Lo golpeaba, lo golpeaba. Una y otra vez. En el cuerpo, en la cabeza, descargando con furia las patadas. Casi le estalla un ojo. Nunca olvidaré el ruido de esa bota en las costillas. Víctor sonreía. Él siempre sonreía, tenía un rostro sonriente, y eso descomponía más al facho. De repente, el oficial desenfundó la pistola. Pensé que lo iba a matar. Siguió golpeándolo con el cañón del arma. Le rompió la cabeza y el rostro de Víctor quedó cubierto por la sangre que bajaba desde su frente.[4]
Este es un testimonio del abogado Boris Navia, uno de los 600 prisioneros de la UTE, que recuerda las agresiones que el oficial chileno Edwin Dimter Bianchi, conocido como “El Príncipe”, descargó contra la humanidad de Víctor el 12 de septiembre ante la mirada horrorizada de los demás detenidos, cuando el suplicio del cantante se había iniciado.
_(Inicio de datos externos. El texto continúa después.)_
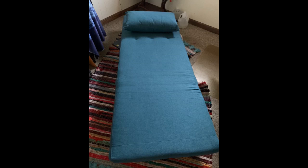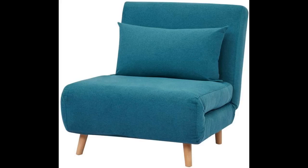I didn't do too much searching before I chose this chair, but from what I found, this was a solid value. The Ikea sleeper chairs were upwards of $500, so this felt reasonable.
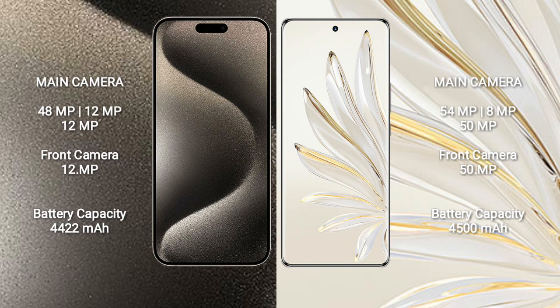iPhone 15 Pro Max has a 4,422mAh battery with 33W fast charging support. Honor 70 Pro has a 4,500mAh battery with 100W fast charging support.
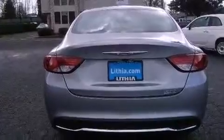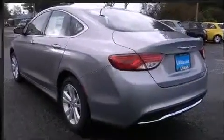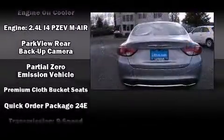Chrysler also prioritized safety and security by including dual front impact airbags, front and side impact airbags, traction control, brake assist, anti-whiplash front head restraints, ignition disabling, and four-wheel disc brakes with ABS.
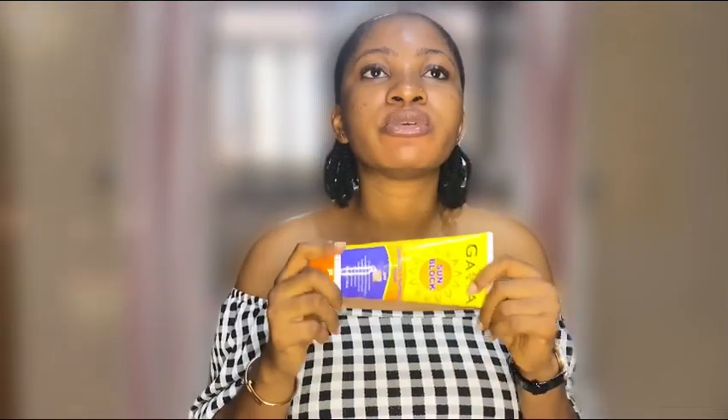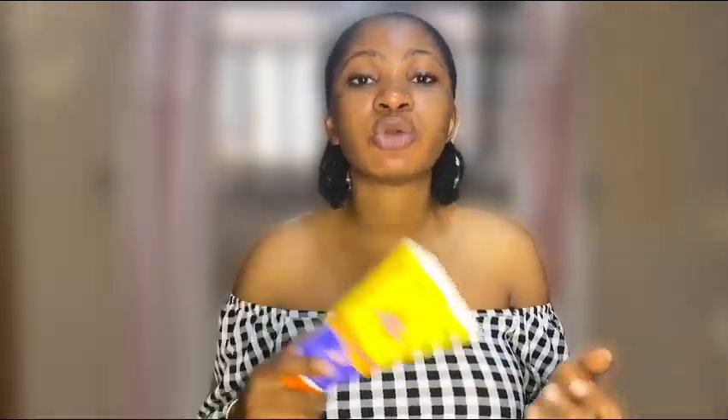The first thing I do before using my sunscreen is go through my skincare routine. Always cleanse your face first, then go in with your toner — toner is optional, but I love using mine. After the face toner, I go in with my Vitamin C serum. After that, I go in with my moisturizer. After my moisturizer, that is when you go in with your sunscreen — your sunscreen should always be the last thing you use on your face.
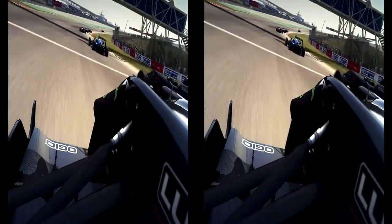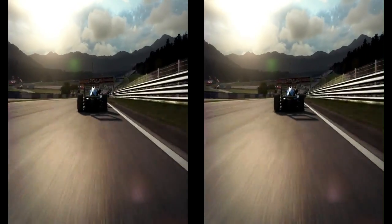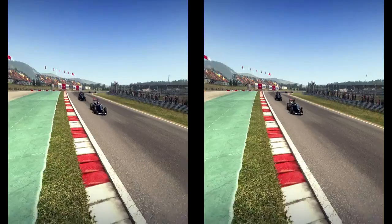With these cars, with the wings, the downforce level is so high. You get up behind another car, the air from that car goes underneath your car and lifts up the front, which is why sometimes you just can't get as close.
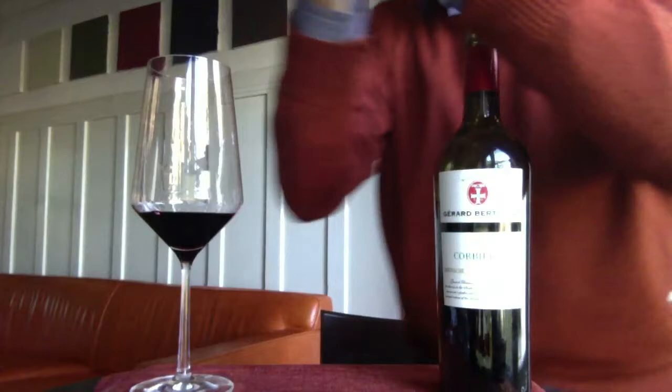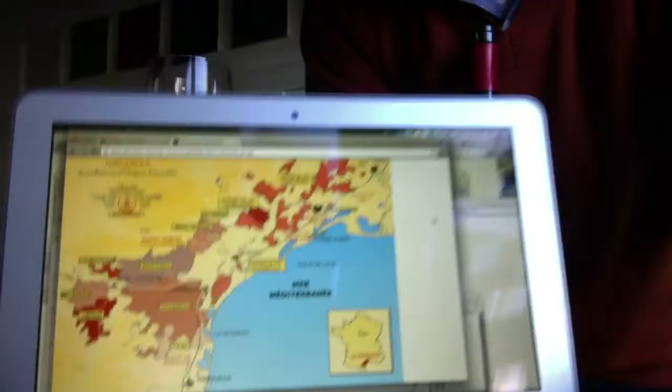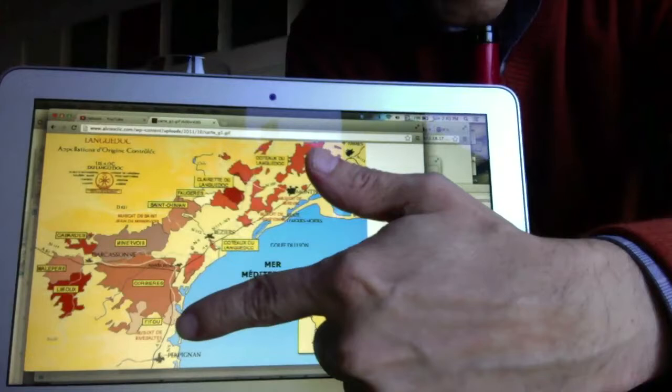This is a region within the Languedoc — I'm going to show you on a map where this is located. It's a beautiful bottle of wine, under 14 US dollars, at least that's what I found here in California. To show you the great influence of this region, which is closer to the Mediterranean, you're going to get more of that coastal and water influence. All these regions are part of the Languedoc, and this region here is Corbières.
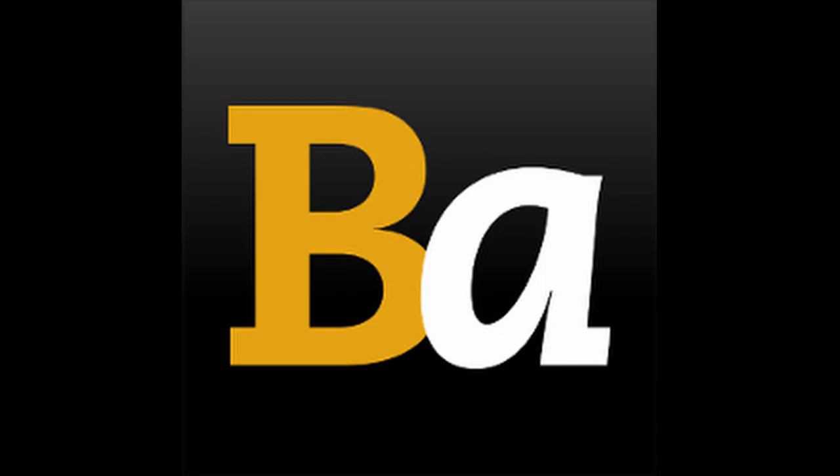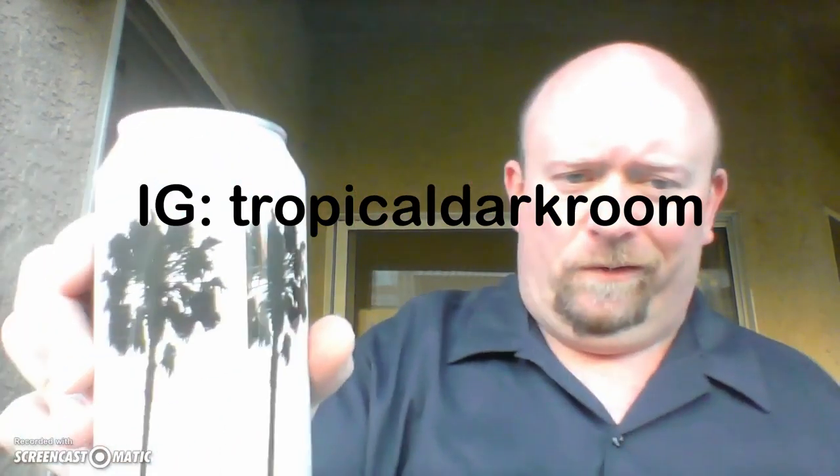There are no rankings on Beer Advocate whatsoever. I think this is a fairly new beer, but what's unusual about this is that this is actually the first in the art series. The art series showcases photographers and their artwork. This guy's name is Derek Delacroix, and his Instagram handle is actually Tropical Darkroom. He takes black and white photos of palm trees for environmental resources and whatnot — he's got some really interesting stuff there.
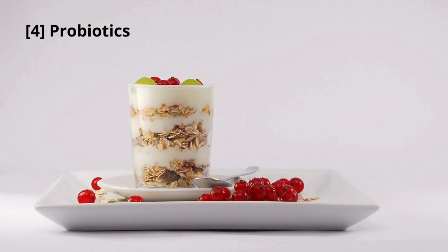Probiotics, found in yogurt, kefir, and fermented foods, can support a healthy gut. A balanced gut microbiome is essential for a strong immune system and can help mitigate allergy symptoms.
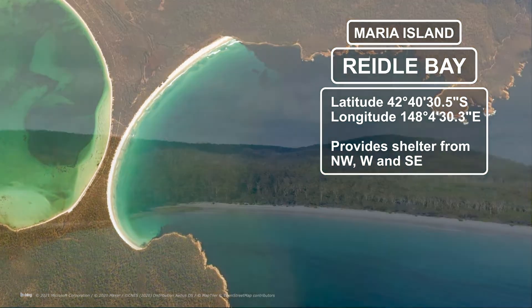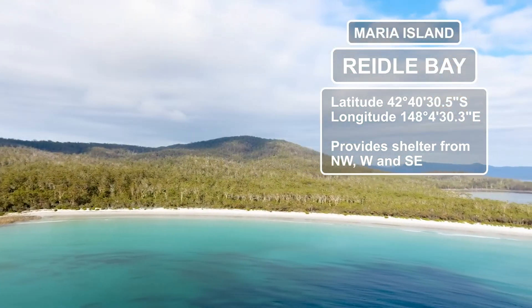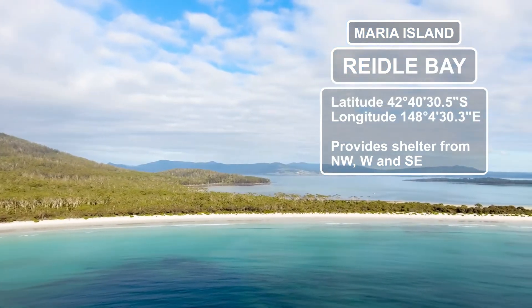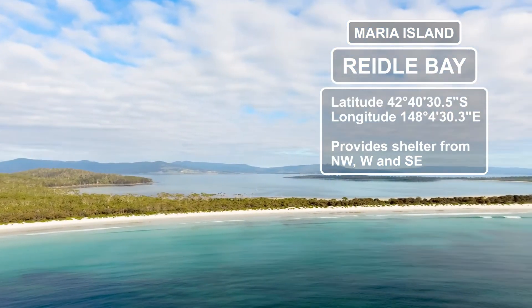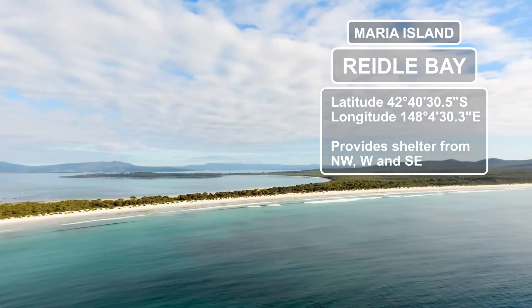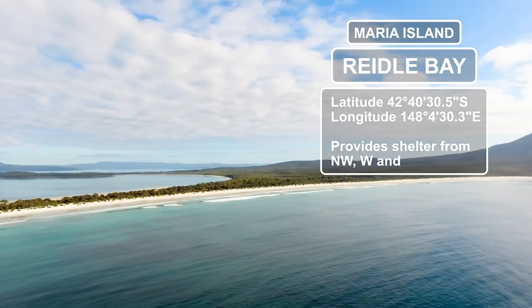Found on the eastern side of Maria Island, Riedel Bay offers a good anchorage at the southern end of the beach. This spot can be surgy at times, so be careful not to venture too close to the beach. It will provide you with good shelter from winds coming from the northwest, west, and southeast.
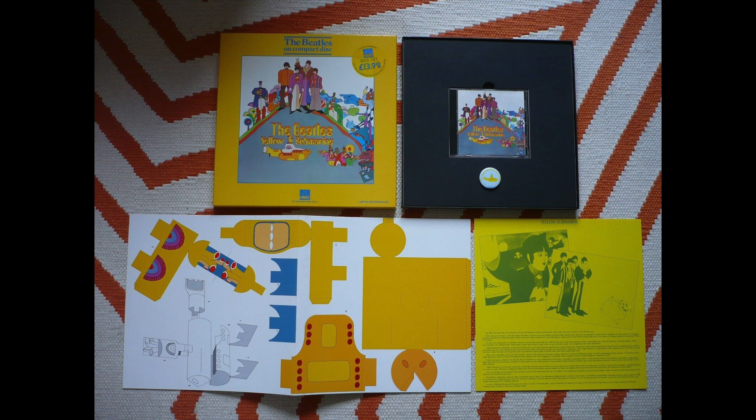If you're a regular viewer of the channel it probably won't come as much of a surprise that I didn't bother getting the HMV box set for Yellow Submarine, although looking at it now it does look quite nice. It comes with a 12-inch extended sleeve notes booklet on yellow paper, a badge, and a cut-out-and-keep Yellow Submarine that you can make yourself.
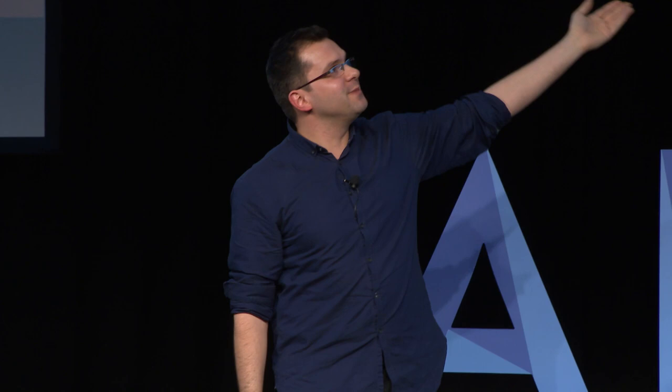Thank you very much. If you want to keep in touch with me, there are many people who contributed to this research and I really wanted to acknowledge them. Feel free to send me an email. Thank you.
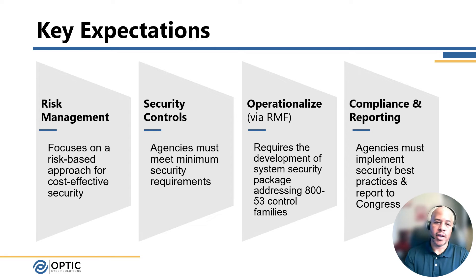Finally, compliance and reporting: agencies conduct annual assessments and audits, and then ultimately report those findings to Congress to ensure that the organization has maintained a baseline level of security over time.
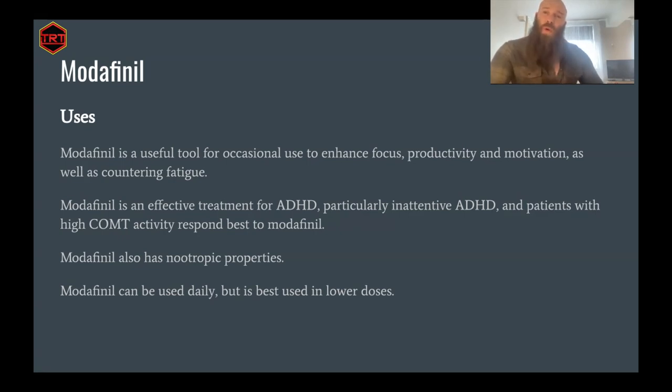Modafinil is very popular among university students, but also very popular amongst business executives and people wanting to get the most out of their days. It can be used as a tool when you need something to get you through a particularly arduous day — long tasks, things you don't necessarily want to do. It can be a good tool to use instead of hammering caffeine or other stimulants, particularly when this can be used in a lower dose or even synergistically with these other compounds.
Resistió hasta el último instante con su cuerpo salvajemente vejado y apaleado hasta que sus verdugos descargaron 44 disparos como si en verdad Víctor fuera diez o más personas. La intolerancia es capaz de todo. Víctor le sonrió a la muerte. Y a la vida. Y a la posteridad.

Ahí enterrado cara al sol,
la nueva tierra cubre tu semilla,
la raíz profunda se hundirá
y nacerá la flor del nuevo día.
A tus pies heridos llegarán,
las manos del humilde, llegarán
sembrando.
Tu muerte muchas vidas traerá,
y hacia donde tú ibas, marcharán,
cantando.[5]



[1] Víctor Jara, en http://educacion.pcchile.cl/index.php?option=com_content &task=view&id=89&Itemid= 32
[2] Ibíd.
[3] Ibíd.
[4] Boris Navia, en http://cultura.elpais.com/cultura/2009/12/05/actualidad/1259967604_850215.html
[5] Víctor Jara, extracto de su canción Con el alma llena de banderas.